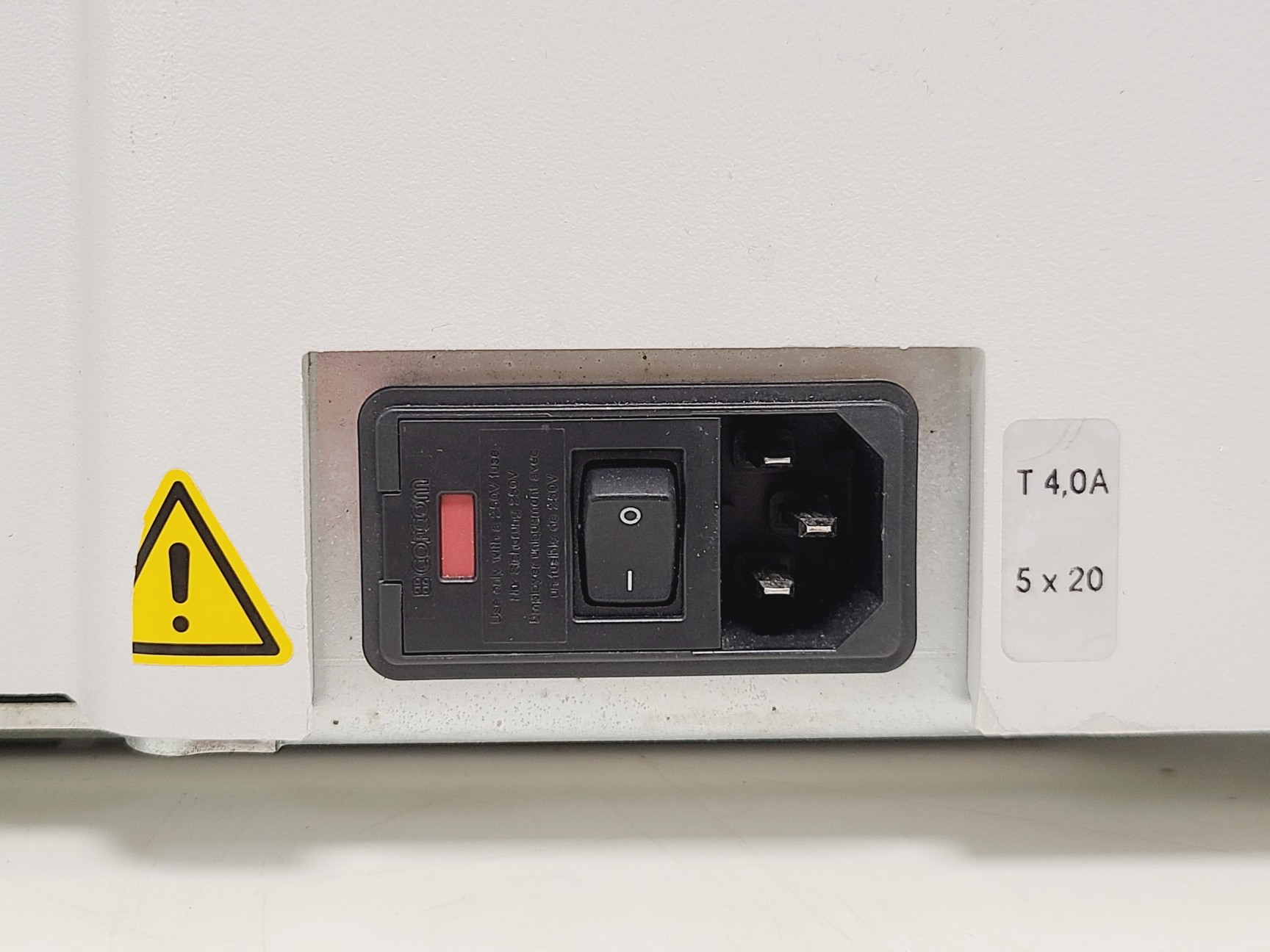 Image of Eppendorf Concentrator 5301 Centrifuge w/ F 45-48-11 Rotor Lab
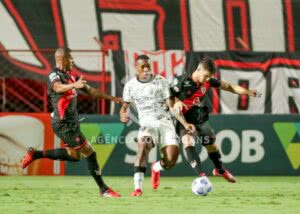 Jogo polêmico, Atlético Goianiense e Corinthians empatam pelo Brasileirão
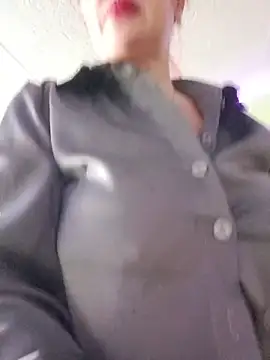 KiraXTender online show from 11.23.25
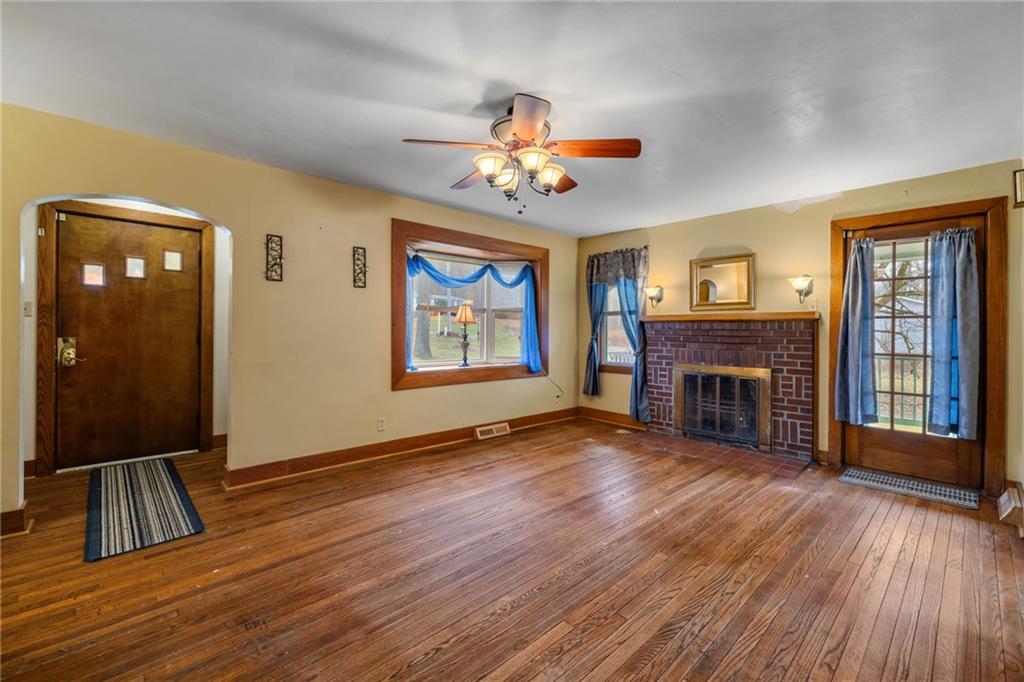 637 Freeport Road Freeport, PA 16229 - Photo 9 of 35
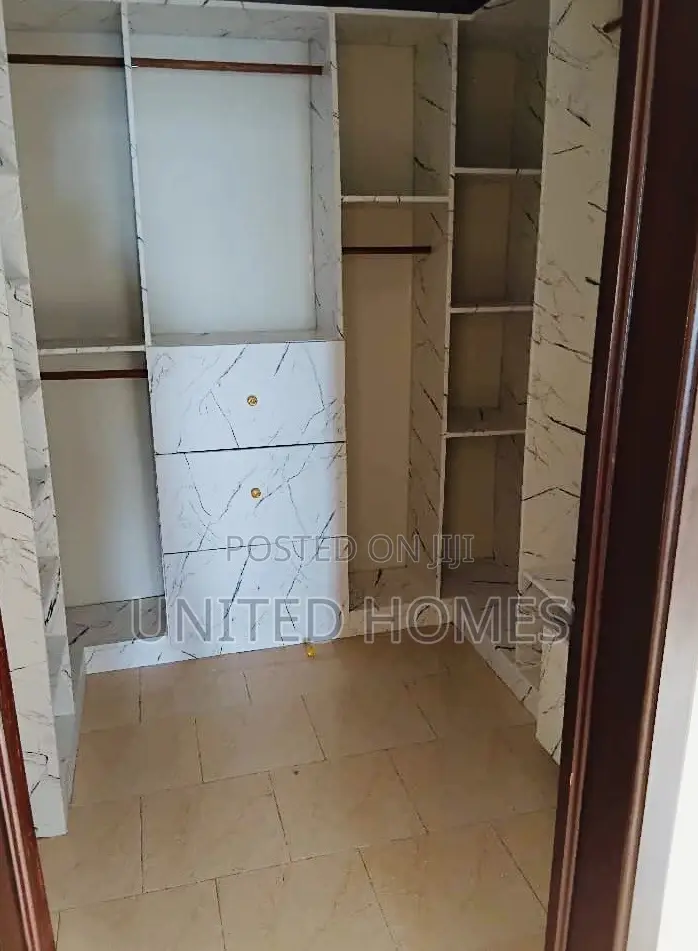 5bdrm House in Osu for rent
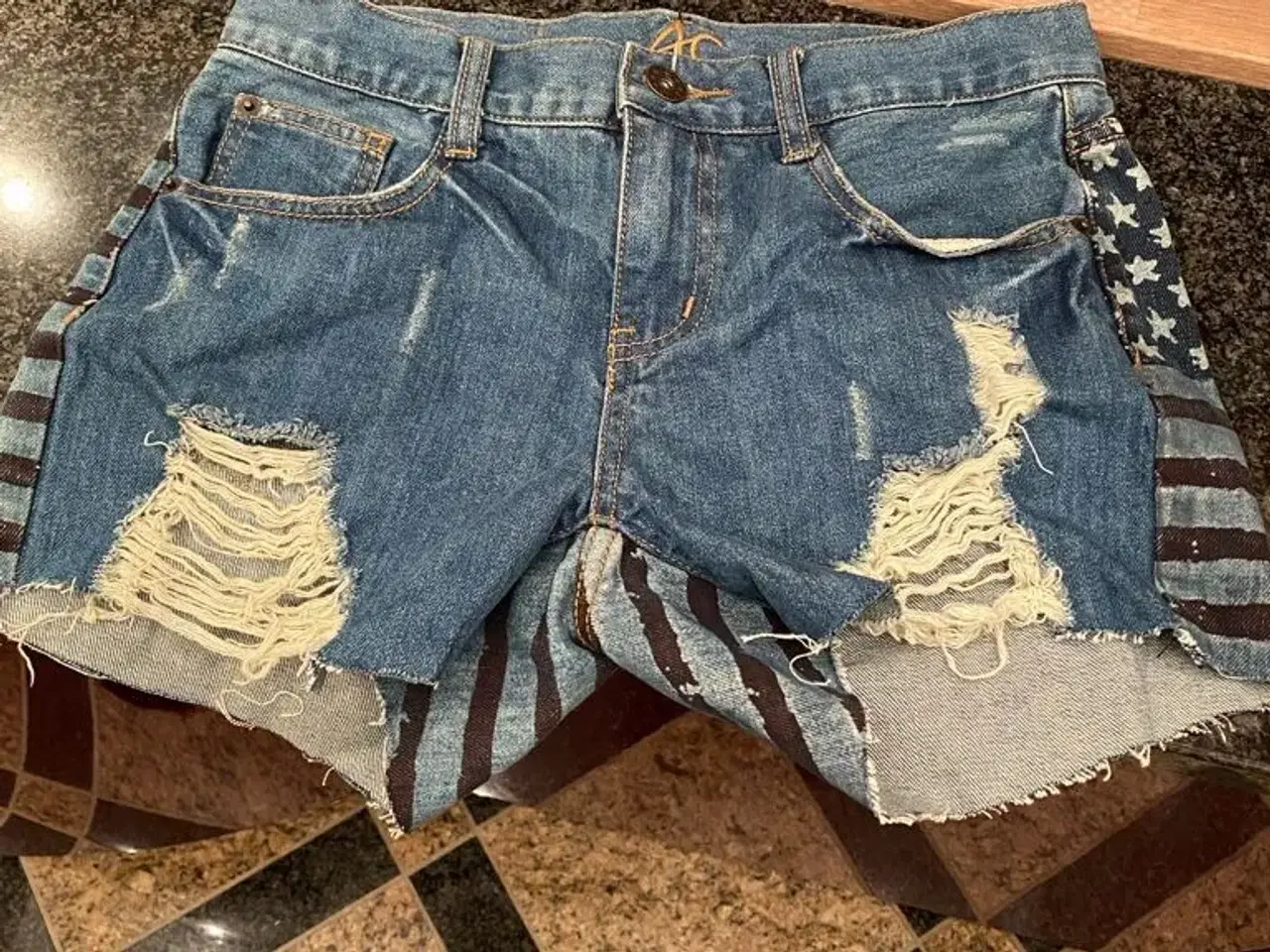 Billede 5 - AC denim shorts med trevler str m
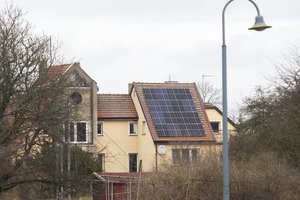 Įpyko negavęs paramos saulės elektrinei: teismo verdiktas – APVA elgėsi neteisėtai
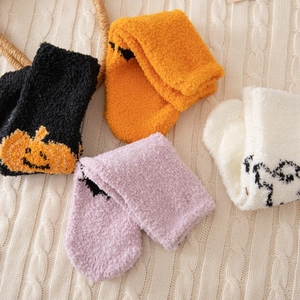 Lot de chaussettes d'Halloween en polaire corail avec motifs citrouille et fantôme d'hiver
■ ■ ■ ■
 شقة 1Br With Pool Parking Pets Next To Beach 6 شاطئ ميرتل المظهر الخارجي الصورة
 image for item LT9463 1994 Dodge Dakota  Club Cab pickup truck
■ ■ ■ ■
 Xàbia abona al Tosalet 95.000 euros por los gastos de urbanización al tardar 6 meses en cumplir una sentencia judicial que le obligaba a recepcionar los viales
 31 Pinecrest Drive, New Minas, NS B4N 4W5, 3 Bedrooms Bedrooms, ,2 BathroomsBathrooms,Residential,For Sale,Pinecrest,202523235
■ ■ ■ ■
What you need to do - Only the lines above starting with the line with "637 Freeport Road" and going on through the line with "Lot de chaussettes" belong in the answer; repeat them exactly, minus any picture.

Answer to the exercise -
 637 Freeport Road Freeport, PA 16229 - Photo 9 of 35
 5bdrm House in Osu for rent
 Billede 5 - AC denim shorts med trevler str m
 Įpyko negavęs paramos saulės elektrinei: teismo verdiktas – APVA elgėsi neteisėtai
 Lot de chaussettes d'Halloween en polaire corail avec motifs citrouille et fantôme d'hiver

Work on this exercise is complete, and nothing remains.